| How to complete this task |
Every line from the one with "ｼﾉ Sur Twitter" up to and including the one with "Печенье с ТГК" is to be output exactly as it appears below; pictures are not.

| Recorded information |

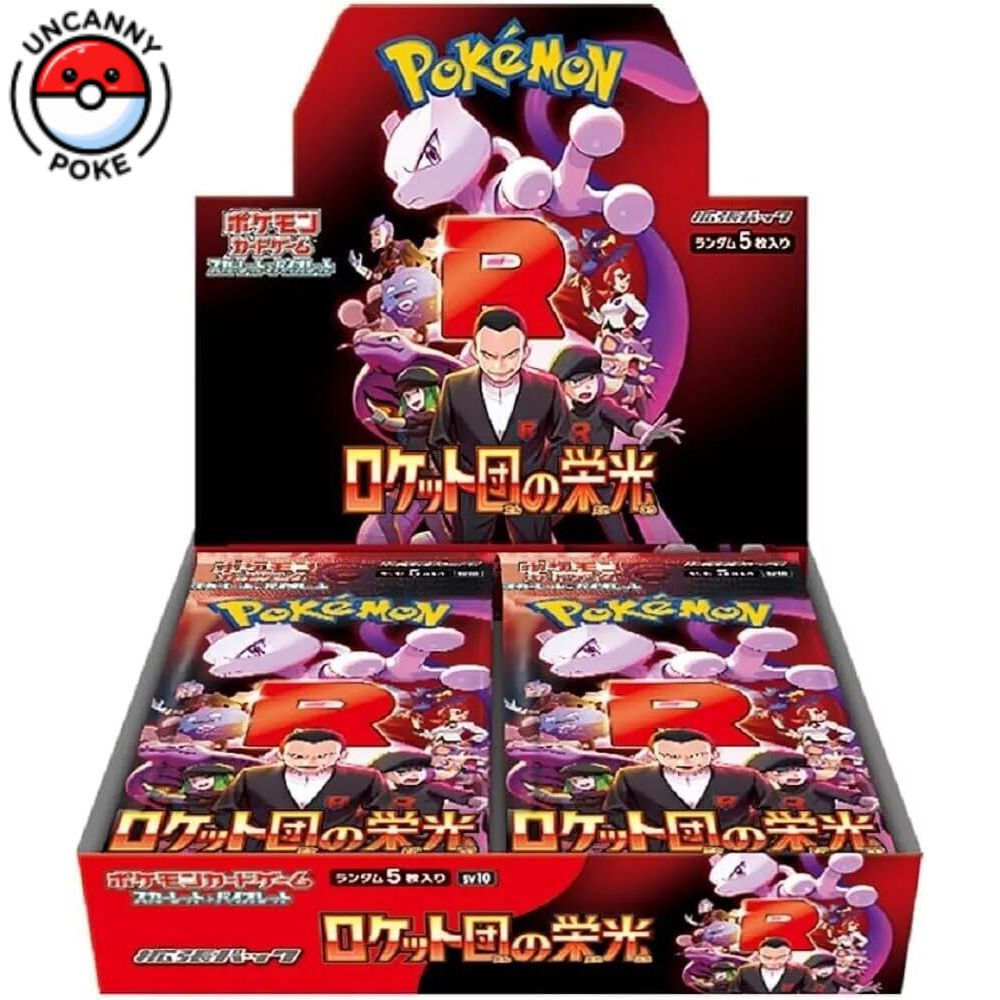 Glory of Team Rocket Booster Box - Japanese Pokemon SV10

---

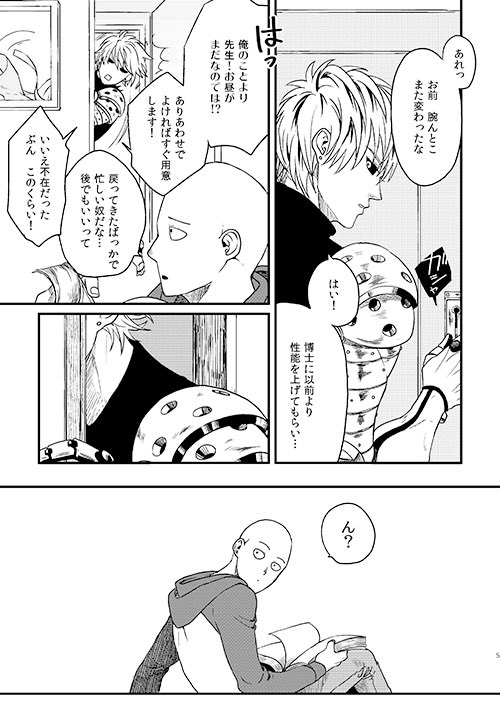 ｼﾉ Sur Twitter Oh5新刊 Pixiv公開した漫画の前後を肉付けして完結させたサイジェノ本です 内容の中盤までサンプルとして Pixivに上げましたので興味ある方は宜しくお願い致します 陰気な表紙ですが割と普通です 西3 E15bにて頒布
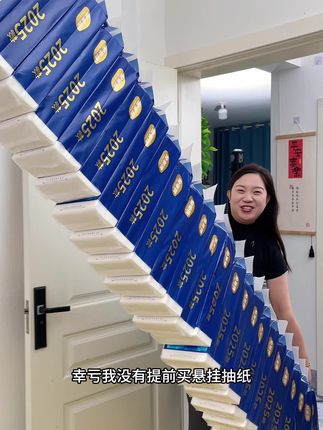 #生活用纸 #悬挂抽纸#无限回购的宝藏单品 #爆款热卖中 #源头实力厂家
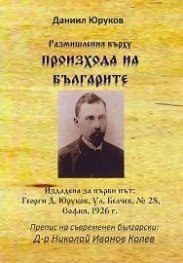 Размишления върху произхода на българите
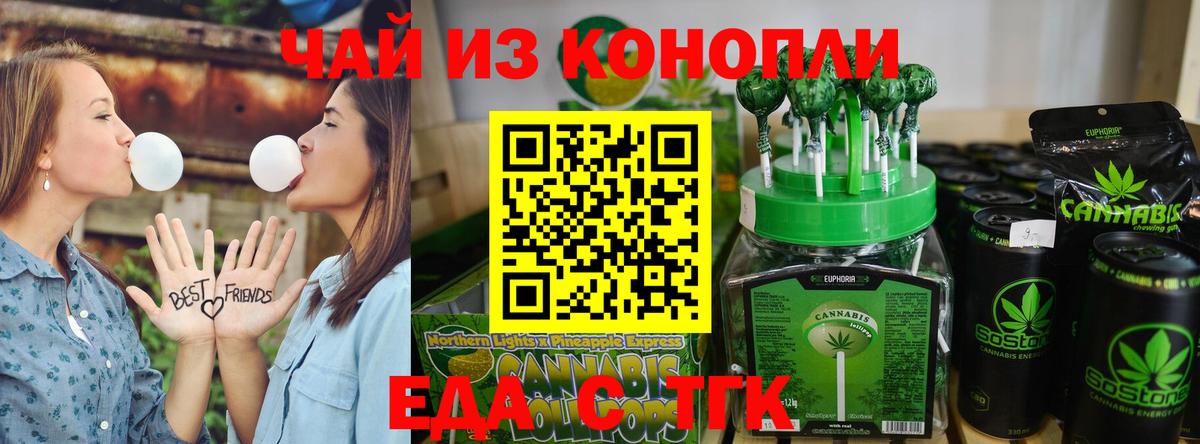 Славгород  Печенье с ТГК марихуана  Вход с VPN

| Answer to this problem |
 ｼﾉ Sur Twitter Oh5新刊 Pixiv公開した漫画の前後を肉付けして完結させたサイジェノ本です 内容の中盤までサンプルとして Pixivに上げましたので興味ある方は宜しくお願い致します 陰気な表紙ですが割と普通です 西3 E15bにて頒布
 #生活用纸 #悬挂抽纸#无限回购的宝藏单品 #爆款热卖中 #源头实力厂家
 Размишления върху произхода на българите
 Славгород  Печенье с ТГК марихуана  Вход с VPN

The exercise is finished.